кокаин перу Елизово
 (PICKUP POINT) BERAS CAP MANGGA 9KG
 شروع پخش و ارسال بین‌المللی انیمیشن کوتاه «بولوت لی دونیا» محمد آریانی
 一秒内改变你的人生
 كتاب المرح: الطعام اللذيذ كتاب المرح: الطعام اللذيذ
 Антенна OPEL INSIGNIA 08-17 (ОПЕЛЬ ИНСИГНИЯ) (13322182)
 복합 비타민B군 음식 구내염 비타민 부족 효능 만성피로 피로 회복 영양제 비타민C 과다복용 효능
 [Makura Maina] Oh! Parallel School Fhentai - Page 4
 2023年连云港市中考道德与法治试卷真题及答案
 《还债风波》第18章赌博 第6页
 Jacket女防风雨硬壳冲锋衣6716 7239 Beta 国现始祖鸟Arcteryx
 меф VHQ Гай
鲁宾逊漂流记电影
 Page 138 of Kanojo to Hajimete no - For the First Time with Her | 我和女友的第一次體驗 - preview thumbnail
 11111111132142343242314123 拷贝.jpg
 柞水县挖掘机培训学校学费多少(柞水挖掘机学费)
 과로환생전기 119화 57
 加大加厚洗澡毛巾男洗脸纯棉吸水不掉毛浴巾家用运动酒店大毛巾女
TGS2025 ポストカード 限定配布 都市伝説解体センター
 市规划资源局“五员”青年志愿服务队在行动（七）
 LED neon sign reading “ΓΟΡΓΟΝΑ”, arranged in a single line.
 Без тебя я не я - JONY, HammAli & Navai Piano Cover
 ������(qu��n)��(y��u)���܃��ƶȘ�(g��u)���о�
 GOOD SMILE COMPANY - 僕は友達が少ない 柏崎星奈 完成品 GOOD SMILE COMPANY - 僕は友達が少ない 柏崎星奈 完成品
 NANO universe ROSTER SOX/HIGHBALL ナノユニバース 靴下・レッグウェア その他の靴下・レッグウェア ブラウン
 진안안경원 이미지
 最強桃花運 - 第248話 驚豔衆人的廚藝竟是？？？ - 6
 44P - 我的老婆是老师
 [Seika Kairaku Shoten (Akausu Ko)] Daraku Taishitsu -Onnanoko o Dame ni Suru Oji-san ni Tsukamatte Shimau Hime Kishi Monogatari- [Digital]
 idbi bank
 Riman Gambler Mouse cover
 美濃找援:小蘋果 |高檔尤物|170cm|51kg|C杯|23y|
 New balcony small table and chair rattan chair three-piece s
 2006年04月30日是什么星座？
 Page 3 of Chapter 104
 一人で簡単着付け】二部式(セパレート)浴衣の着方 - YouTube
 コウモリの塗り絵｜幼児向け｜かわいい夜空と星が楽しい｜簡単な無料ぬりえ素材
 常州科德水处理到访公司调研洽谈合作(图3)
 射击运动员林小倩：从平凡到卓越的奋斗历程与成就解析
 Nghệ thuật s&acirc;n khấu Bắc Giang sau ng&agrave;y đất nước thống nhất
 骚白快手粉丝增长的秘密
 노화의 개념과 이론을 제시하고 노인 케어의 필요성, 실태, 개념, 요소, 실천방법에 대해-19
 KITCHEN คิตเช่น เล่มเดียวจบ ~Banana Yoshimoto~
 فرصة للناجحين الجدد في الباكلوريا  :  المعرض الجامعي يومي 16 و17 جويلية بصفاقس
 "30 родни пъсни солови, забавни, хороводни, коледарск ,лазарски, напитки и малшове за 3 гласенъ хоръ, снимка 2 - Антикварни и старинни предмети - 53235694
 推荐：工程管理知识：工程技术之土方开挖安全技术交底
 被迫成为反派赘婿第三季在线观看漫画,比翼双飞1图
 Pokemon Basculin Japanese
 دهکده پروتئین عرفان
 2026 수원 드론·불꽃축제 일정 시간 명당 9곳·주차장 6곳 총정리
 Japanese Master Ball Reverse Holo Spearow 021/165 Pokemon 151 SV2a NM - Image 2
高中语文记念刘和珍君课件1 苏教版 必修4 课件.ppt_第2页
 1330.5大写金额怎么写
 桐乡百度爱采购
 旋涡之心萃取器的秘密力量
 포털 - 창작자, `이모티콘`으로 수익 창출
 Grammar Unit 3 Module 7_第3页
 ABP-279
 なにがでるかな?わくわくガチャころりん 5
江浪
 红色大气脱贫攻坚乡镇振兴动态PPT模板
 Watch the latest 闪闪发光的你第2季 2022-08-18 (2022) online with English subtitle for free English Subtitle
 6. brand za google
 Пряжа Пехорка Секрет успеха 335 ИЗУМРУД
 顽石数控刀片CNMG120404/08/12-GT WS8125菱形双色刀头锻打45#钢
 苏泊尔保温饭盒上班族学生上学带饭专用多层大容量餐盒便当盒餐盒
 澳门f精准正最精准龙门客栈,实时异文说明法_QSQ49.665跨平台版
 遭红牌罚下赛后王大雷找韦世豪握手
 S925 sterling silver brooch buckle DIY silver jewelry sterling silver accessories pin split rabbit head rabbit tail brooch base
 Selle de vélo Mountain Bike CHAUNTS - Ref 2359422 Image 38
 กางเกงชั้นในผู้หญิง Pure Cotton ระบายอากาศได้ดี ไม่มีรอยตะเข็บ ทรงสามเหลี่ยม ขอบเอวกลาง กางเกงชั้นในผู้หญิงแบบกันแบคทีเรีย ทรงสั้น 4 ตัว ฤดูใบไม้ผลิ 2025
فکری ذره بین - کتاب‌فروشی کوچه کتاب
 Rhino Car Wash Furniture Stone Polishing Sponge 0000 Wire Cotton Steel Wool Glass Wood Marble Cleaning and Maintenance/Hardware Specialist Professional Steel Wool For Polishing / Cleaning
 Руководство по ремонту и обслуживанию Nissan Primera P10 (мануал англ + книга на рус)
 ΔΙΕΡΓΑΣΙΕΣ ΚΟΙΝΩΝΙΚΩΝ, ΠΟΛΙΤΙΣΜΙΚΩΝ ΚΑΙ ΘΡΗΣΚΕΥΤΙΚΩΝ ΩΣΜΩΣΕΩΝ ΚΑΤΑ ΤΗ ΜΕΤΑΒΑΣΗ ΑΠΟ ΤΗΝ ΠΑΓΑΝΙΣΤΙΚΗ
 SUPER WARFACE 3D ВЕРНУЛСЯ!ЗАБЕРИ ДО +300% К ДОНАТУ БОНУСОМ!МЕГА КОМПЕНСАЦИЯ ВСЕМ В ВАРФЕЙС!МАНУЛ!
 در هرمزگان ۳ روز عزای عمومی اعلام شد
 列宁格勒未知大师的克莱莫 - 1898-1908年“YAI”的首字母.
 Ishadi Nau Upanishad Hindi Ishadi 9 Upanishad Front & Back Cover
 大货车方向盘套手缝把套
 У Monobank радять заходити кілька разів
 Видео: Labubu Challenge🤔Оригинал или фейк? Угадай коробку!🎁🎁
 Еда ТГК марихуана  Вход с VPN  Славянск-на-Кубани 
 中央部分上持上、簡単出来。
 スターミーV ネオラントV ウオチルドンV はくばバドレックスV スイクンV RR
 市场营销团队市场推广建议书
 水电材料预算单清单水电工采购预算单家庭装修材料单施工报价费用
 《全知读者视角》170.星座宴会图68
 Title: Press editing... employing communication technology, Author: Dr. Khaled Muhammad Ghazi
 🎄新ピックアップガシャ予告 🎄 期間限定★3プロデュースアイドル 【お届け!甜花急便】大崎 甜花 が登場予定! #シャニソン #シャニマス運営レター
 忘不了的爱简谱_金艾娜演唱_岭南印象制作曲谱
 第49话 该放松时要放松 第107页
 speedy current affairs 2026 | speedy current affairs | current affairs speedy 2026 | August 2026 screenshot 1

+===+

WHAT THE TASK REQUIRES ▸ Write each line of the data above out again without altering a word.

ANSWER TO THIS EXERCISE ▸
кокаин перу Елизово
 (PICKUP POINT) BERAS CAP MANGGA 9KG
 شروع پخش و ارسال بین‌المللی انیمیشن کوتاه «بولوت لی دونیا» محمد آریانی
 一秒内改变你的人生
 كتاب المرح: الطعام اللذيذ كتاب المرح: الطعام اللذيذ
 Антенна OPEL INSIGNIA 08-17 (ОПЕЛЬ ИНСИГНИЯ) (13322182)
 복합 비타민B군 음식 구내염 비타민 부족 효능 만성피로 피로 회복 영양제 비타민C 과다복용 효능
 [Makura Maina] Oh! Parallel School Fhentai - Page 4
 2023年连云港市中考道德与法治试卷真题及答案
 《还债风波》第18章赌博 第6页
 Jacket女防风雨硬壳冲锋衣6716 7239 Beta 国现始祖鸟Arcteryx
 меф VHQ Гай
鲁宾逊漂流记电影
 Page 138 of Kanojo to Hajimete no - For the First Time with Her | 我和女友的第一次體驗 - preview thumbnail
 11111111132142343242314123 拷贝.jpg
 柞水县挖掘机培训学校学费多少(柞水挖掘机学费)
 과로환생전기 119화 57
 加大加厚洗澡毛巾男洗脸纯棉吸水不掉毛浴巾家用运动酒店大毛巾女
TGS2025 ポストカード 限定配布 都市伝説解体センター
 市规划资源局“五员”青年志愿服务队在行动（七）
 LED neon sign reading “ΓΟΡΓΟΝΑ”, arranged in a single line.
 Без тебя я не я - JONY, HammAli & Navai Piano Cover
 ������(qu��n)��(y��u)���܃��ƶȘ�(g��u)���о�
 GOOD SMILE COMPANY - 僕は友達が少ない 柏崎星奈 完成品 GOOD SMILE COMPANY - 僕は友達が少ない 柏崎星奈 完成品
 NANO universe ROSTER SOX/HIGHBALL ナノユニバース 靴下・レッグウェア その他の靴下・レッグウェア ブラウン
 진안안경원 이미지
 最強桃花運 - 第248話 驚豔衆人的廚藝竟是？？？ - 6
 44P - 我的老婆是老师
 [Seika Kairaku Shoten (Akausu Ko)] Daraku Taishitsu -Onnanoko o Dame ni Suru Oji-san ni Tsukamatte Shimau Hime Kishi Monogatari- [Digital]
 idbi bank
 Riman Gambler Mouse cover
 美濃找援:小蘋果 |高檔尤物|170cm|51kg|C杯|23y|
 New balcony small table and chair rattan chair three-piece s
 2006年04月30日是什么星座？
 Page 3 of Chapter 104
 一人で簡単着付け】二部式(セパレート)浴衣の着方 - YouTube
 コウモリの塗り絵｜幼児向け｜かわいい夜空と星が楽しい｜簡単な無料ぬりえ素材
 常州科德水处理到访公司调研洽谈合作(图3)
 射击运动员林小倩：从平凡到卓越的奋斗历程与成就解析
 Nghệ thuật s&acirc;n khấu Bắc Giang sau ng&agrave;y đất nước thống nhất
 骚白快手粉丝增长的秘密
 노화의 개념과 이론을 제시하고 노인 케어의 필요성, 실태, 개념, 요소, 실천방법에 대해-19
 KITCHEN คิตเช่น เล่มเดียวจบ ~Banana Yoshimoto~
 فرصة للناجحين الجدد في الباكلوريا  :  المعرض الجامعي يومي 16 و17 جويلية بصفاقس
 "30 родни пъсни солови, забавни, хороводни, коледарск ,лазарски, напитки и малшове за 3 гласенъ хоръ, снимка 2 - Антикварни и старинни предмети - 53235694
 推荐：工程管理知识：工程技术之土方开挖安全技术交底
 被迫成为反派赘婿第三季在线观看漫画,比翼双飞1图
 Pokemon Basculin Japanese
 دهکده پروتئین عرفان
 2026 수원 드론·불꽃축제 일정 시간 명당 9곳·주차장 6곳 총정리
 Japanese Master Ball Reverse Holo Spearow 021/165 Pokemon 151 SV2a NM - Image 2
高中语文记念刘和珍君课件1 苏教版 必修4 课件.ppt_第2页
 1330.5大写金额怎么写
 桐乡百度爱采购
 旋涡之心萃取器的秘密力量
 포털 - 창작자, `이모티콘`으로 수익 창출
 Grammar Unit 3 Module 7_第3页
 ABP-279
 なにがでるかな?わくわくガチャころりん 5
江浪
 红色大气脱贫攻坚乡镇振兴动态PPT模板
 Watch the latest 闪闪发光的你第2季 2022-08-18 (2022) online with English subtitle for free English Subtitle
 6. brand za google
 Пряжа Пехорка Секрет успеха 335 ИЗУМРУД
 顽石数控刀片CNMG120404/08/12-GT WS8125菱形双色刀头锻打45#钢
 苏泊尔保温饭盒上班族学生上学带饭专用多层大容量餐盒便当盒餐盒
 澳门f精准正最精准龙门客栈,实时异文说明法_QSQ49.665跨平台版
 遭红牌罚下赛后王大雷找韦世豪握手
 S925 sterling silver brooch buckle DIY silver jewelry sterling silver accessories pin split rabbit head rabbit tail brooch base
 Selle de vélo Mountain Bike CHAUNTS - Ref 2359422 Image 38
 กางเกงชั้นในผู้หญิง Pure Cotton ระบายอากาศได้ดี ไม่มีรอยตะเข็บ ทรงสามเหลี่ยม ขอบเอวกลาง กางเกงชั้นในผู้หญิงแบบกันแบคทีเรีย ทรงสั้น 4 ตัว ฤดูใบไม้ผลิ 2025
فکری ذره بین - کتاب‌فروشی کوچه کتاب
 Rhino Car Wash Furniture Stone Polishing Sponge 0000 Wire Cotton Steel Wool Glass Wood Marble Cleaning and Maintenance/Hardware Specialist Professional Steel Wool For Polishing / Cleaning
 Руководство по ремонту и обслуживанию Nissan Primera P10 (мануал англ + книга на рус)
 ΔΙΕΡΓΑΣΙΕΣ ΚΟΙΝΩΝΙΚΩΝ, ΠΟΛΙΤΙΣΜΙΚΩΝ ΚΑΙ ΘΡΗΣΚΕΥΤΙΚΩΝ ΩΣΜΩΣΕΩΝ ΚΑΤΑ ΤΗ ΜΕΤΑΒΑΣΗ ΑΠΟ ΤΗΝ ΠΑΓΑΝΙΣΤΙΚΗ
 SUPER WARFACE 3D ВЕРНУЛСЯ!ЗАБЕРИ ДО +300% К ДОНАТУ БОНУСОМ!МЕГА КОМПЕНСАЦИЯ ВСЕМ В ВАРФЕЙС!МАНУЛ!
 در هرمزگان ۳ روز عزای عمومی اعلام شد
 列宁格勒未知大师的克莱莫 - 1898-1908年“YAI”的首字母.
 Ishadi Nau Upanishad Hindi Ishadi 9 Upanishad Front & Back Cover
 大货车方向盘套手缝把套
 У Monobank радять заходити кілька разів
 Видео: Labubu Challenge🤔Оригинал или фейк? Угадай коробку!🎁🎁
 Еда ТГК марихуана  Вход с VPN  Славянск-на-Кубани 
 中央部分上持上、簡単出来。
 スターミーV ネオラントV ウオチルドンV はくばバドレックスV スイクンV RR
 市场营销团队市场推广建议书
 水电材料预算单清单水电工采购预算单家庭装修材料单施工报价费用
 《全知读者视角》170.星座宴会图68
 Title: Press editing... employing communication technology, Author: Dr. Khaled Muhammad Ghazi
 🎄新ピックアップガシャ予告 🎄 期間限定★3プロデュースアイドル 【お届け!甜花急便】大崎 甜花 が登場予定! #シャニソン #シャニマス運営レター
 忘不了的爱简谱_金艾娜演唱_岭南印象制作曲谱
 第49话 该放松时要放松 第107页
 speedy current affairs 2026 | speedy current affairs | current affairs speedy 2026 | August 2026 screenshot 1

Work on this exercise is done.